Alinha um punhado de juniores e reservas contra o Peñarol, que vem com vários
titulares. De forma surpreendente, o time passa por cima dos uruguaios, naquela
que talvez é a melhor exibição sob o comando de Bría. Abre 3-0 e, conforme
esperado, o jogo descamba para a pancadaria, com vários expulsos. A decisão do
torneio, no dia seguinte, contra o Grêmio, é adiada devido ao mau tempo. Mas a atuação
contra o Peñarol traz, enfim, ânimo e confiança ao grupo.
8 – A SEGUNDA FASE
E O EPÍLOGO
“Não dá mais, Doutor. Preciso ir embora. Estoy
muriendo”
Sete quilos mais
magro, abatido e tragado pela insônia e movido à base de tranqüilizantes,
Modesto Bría, pela segunda vez, apresenta seu pedido de demissão ao Presidente.
Na ocasião anterior, logo após o fiasco de Belém, o dirigente minimizara, por
ser início de trabalho: “Tire um dia de folga, vá descansar e volte
revigorado”. Mas dessa vez o Presidente parece disposto a aceitar o pedido. Com
efeito, o Flamengo simplesmente não parece sair do lugar. E, pior, acaba de
protagonizar mais um vexame, ao ser goleado em Curitiba pelo Colorado-PR (0-4).
O rubro-negro, que não sofria um placar elástico há mais de um ano, já sofre a
segunda goleada em apenas três meses de trabalho. É algo inaceitável, que precisa
ser estancado.
E dessa vez Bría,
desnorteado, abusou do direito de errar. Improvisou o lento Rondinelli na
lateral-direita. Barrou Peu, justamente o melhor jogador do Flamengo no
campeonato. E, para completar, promoveu o retorno de Carpegiani, gordo e completamente
fora de forma, à equipe. Como o que inicia errado normalmente se agrava,
Rondinelli ainda saiu lesionado durante o jogo, o que fez Bría recorrer a nova
improvisação, dessa vez com o novato Mozer. Completamente desfigurado, o time
foi presa fácil para os paranaenses.
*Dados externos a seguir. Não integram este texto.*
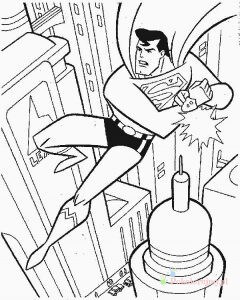 Superman w mieście – kolorowanka Superman w akcji na tle miasta - kolorowanka do druku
Massacrado pelas críticas, Bría resolve
dar um ponto final à sua participação como treinador.
Acertam que Bría
seguirá no comando até que o clube encontre um substituto. E o caso não vaza à
imprensa. Dias depois, o Flamengo anuncia a contratação de Dino Sani, renomado
treinador que vem de vitoriosos trabalhos no Uruguai e no México, e acaba de se
desvincular de seu clube, o Puebla-MEX. Dino é apresentado e iniciará seus
trabalhos na Terceira Fase. Antes disso, Bría precisa classificar o Flamengo em
uma chave que, com a goleada em Curitiba, ameaça se complicar.
O Flamengo já havia
vencido o Atlético-MG no Maracanã (2-1, em outra rara boa atuação) e empatado,
fora de casa, com o Uberaba-MG (1-1, com um controverso gol de Nunes). Após o desastre
contra o Colorado, um festejado empate com o Atlético no Mineirão (0-0), já com
os jogadores da Seleção de volta. Para depender de si, o rubro-negro precisa
vencer as duas partidas que restam no Maracanã, contra Uberaba e Colorado.
Parece simples.
Mas os dois jogos
se revelam dramáticos. O Flamengo não vê a cor da bola no primeiro tempo contra
o Uberaba e desce pro vestiário com um humilhante 0-2 luzindo no placar. Todos
os onze jogadores, sem exceção (Zico inclusive), são vaiados. O time volta mordido,
voando, clamando por sangue e, em apenas 25 minutos, já está vencendo por 4-2,
placar que se mantém até o final. Agora é vencer o Colorado e ratificar a vaga.
Mas o Flamengo é
atrapalhado por um infantil desejo de vingar a goleada no Paraná. Nervosos, os
jogadores perdem oportunidades fáceis e caem na armadilha do matreiro time
paranaense, repleto de jogadores rodados e manhosos. Num contragolpe no final
da Primeira Etapa, o Colorado abre o placar. Tranca-se num ferrolho. A
classificação está ameaçada. O time precisa ao menos empatar. Mas o goleiro
Joel Mendes começa a defender sistematicamente tudo. O relógio vai correndo,
célere, até que, a pouco menos de 15 minutos do fim, Zico, em duas jogadas
relâmpago e assustadoramente semelhantes, vira o jogo a 2-1, para alívio da
torcida.
Após o apito final,
o torcedor, talvez querendo demonstrar um reconhecimento ou mesmo revelar-se
cruel em sua ironia, grita entusiasticamente o nome de Bría, que ali se
despede. Emocionado, o treinador acena em retribuição. Vai voltar às Divisões
de Base, seguir seu emprego fixo no clube, onde permanecerá até se aposentar.
Sua passagem terá sido errática, plena de intempéries, infestada de obstáculos,
muitos dos quais custaram sua integridade física, mas, ao frigir dos ovos, o
paraguaio entrega ao seu sucessor um Flamengo classificado e em primeiro lugar.
Cumpre sua obrigação.
Ao paraguaio e, por
que não, ao torcedor, é o que, no fim, interessa.